₄ or at least one inorganic lithium salt selected from LiCF ₃ SO ₃ , LiN (CF ₃ SO ₂ ) ₂ , LiN (C
F ₃ CF ₂ SO ₂ ) ₂ , LiN (CF ₃ SO ₂ ) (C ₄ F ₉ SO
₂ ), LiPF ₃ (C ₂ F ₅ ) ₃ and LiB (CF ₃ COO)
The non-aqueous electrolyte secondary battery according to claim 1, wherein the non-aqueous electrolyte secondary battery is at least one kind of organic lithium salt selected from the group consisting of ₄ . 7. The lactone compound contains 50% by weight or more of γ-butyrolactone, and contains vinylene carbonate, ethylene sulfide, vinyl ethylene carbonate, propane sultone, phenyl ethylene carbonate, succinic anhydride, malonic anhydride, 0.1 to 10% by weight of at least one compound selected from the group consisting of maleic anhydride and phthalic anhydride;
BF is a _4, a non-aqueous electrolyte secondary battery according to any one of claims 1 to 6. 8. A negative electrode material capable of inserting and extracting lithium has a lattice plane (002 plane) having a d-value of 0.1 in X-ray diffraction.

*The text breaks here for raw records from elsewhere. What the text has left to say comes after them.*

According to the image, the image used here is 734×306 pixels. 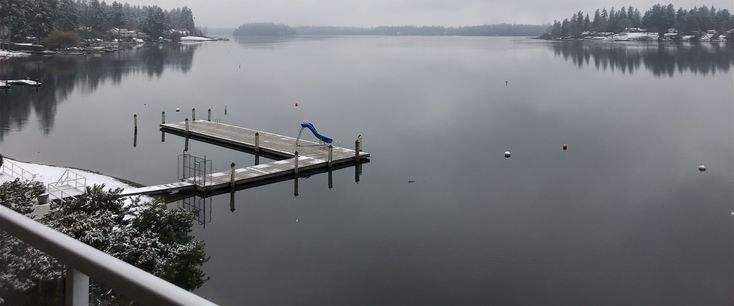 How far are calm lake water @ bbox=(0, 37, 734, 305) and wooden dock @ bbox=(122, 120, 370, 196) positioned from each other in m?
0.75

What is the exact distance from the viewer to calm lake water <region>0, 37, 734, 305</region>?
18.9 metres

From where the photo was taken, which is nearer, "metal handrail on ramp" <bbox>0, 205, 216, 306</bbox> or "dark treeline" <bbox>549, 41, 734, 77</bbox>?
"metal handrail on ramp" <bbox>0, 205, 216, 306</bbox>

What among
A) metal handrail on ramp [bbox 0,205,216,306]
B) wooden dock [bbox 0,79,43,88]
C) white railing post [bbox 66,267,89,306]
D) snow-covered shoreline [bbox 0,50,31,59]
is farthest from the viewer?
snow-covered shoreline [bbox 0,50,31,59]

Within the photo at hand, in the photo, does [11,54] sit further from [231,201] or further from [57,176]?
[231,201]

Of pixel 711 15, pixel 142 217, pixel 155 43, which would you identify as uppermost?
pixel 711 15

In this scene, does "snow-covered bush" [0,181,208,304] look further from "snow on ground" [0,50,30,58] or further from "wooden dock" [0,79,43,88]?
"snow on ground" [0,50,30,58]

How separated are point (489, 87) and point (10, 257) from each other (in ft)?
238

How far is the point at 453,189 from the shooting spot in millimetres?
29281

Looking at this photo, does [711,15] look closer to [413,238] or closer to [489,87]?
[489,87]

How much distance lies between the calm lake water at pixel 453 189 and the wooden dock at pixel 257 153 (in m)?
0.75

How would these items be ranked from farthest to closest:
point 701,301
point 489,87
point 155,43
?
point 155,43 < point 489,87 < point 701,301

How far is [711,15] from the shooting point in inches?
7367

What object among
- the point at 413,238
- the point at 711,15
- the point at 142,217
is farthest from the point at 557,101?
the point at 711,15

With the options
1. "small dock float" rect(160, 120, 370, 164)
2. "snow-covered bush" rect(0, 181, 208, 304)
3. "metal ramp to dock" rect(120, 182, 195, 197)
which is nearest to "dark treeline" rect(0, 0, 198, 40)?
"small dock float" rect(160, 120, 370, 164) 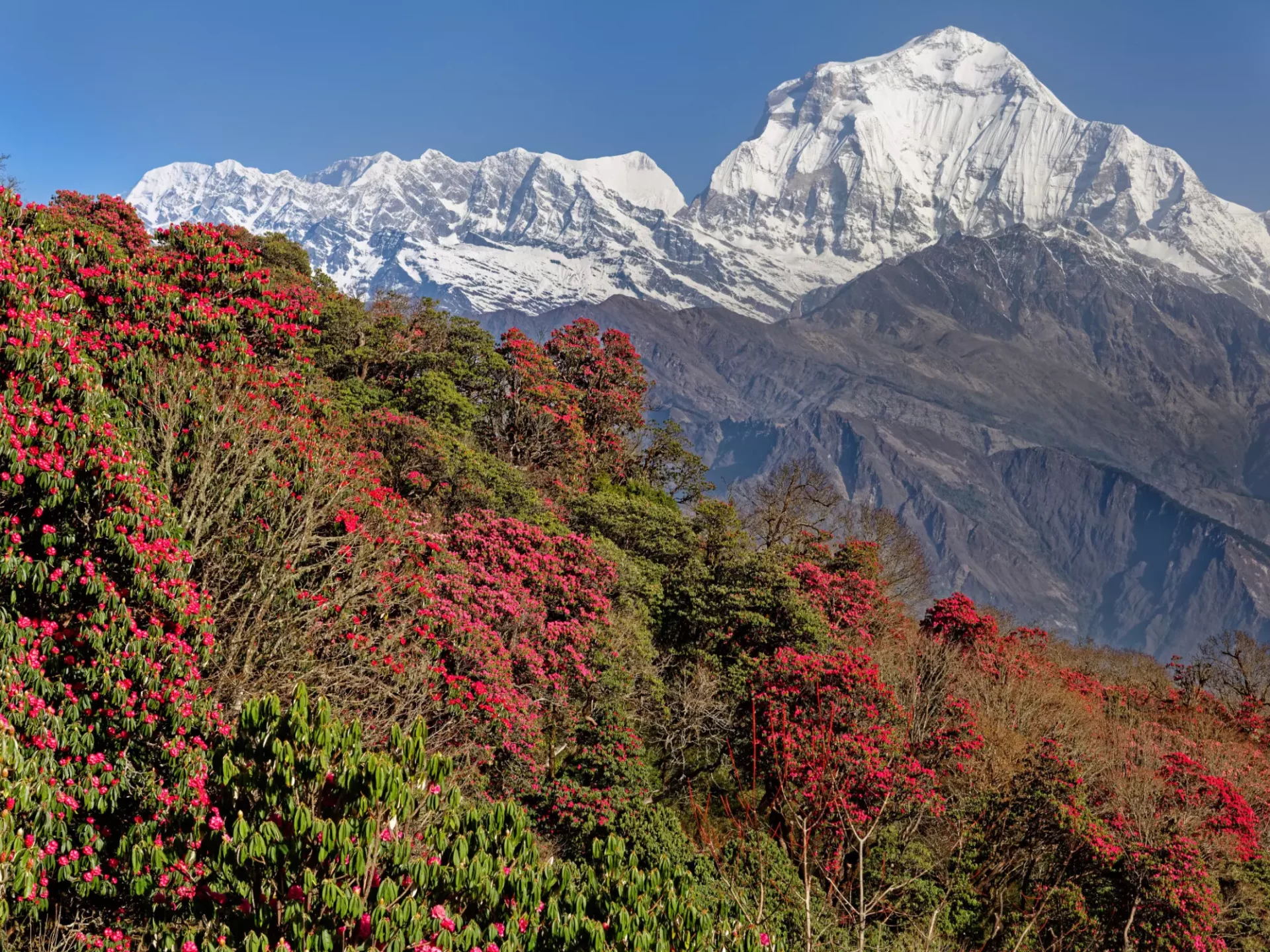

335-0.34 nm carbonaceous material and / or S
at least one selected from the group consisting of n, Si and Al
The non-aqueous electrolyte secondary battery according to claim 1, comprising a metal oxide and / or a lithium alloy. 9. A method for use in combination with at least a negative electrode including metallic lithium, a lithium alloy or a material capable of inserting and extracting lithium, and a positive electrode including a material capable of inserting and extracting lithium. An electrolyte for a secondary battery, comprising a lithium salt dissolved in a non-aqueous solvent, wherein the non-aqueous solvent is a solvent mainly composed of a lactone compound, and the nitrogen-containing aromatic heterocyclic compound is 0.1 to 0.1%. 1
A non-aqueous electrolyte solution containing 0% by weight.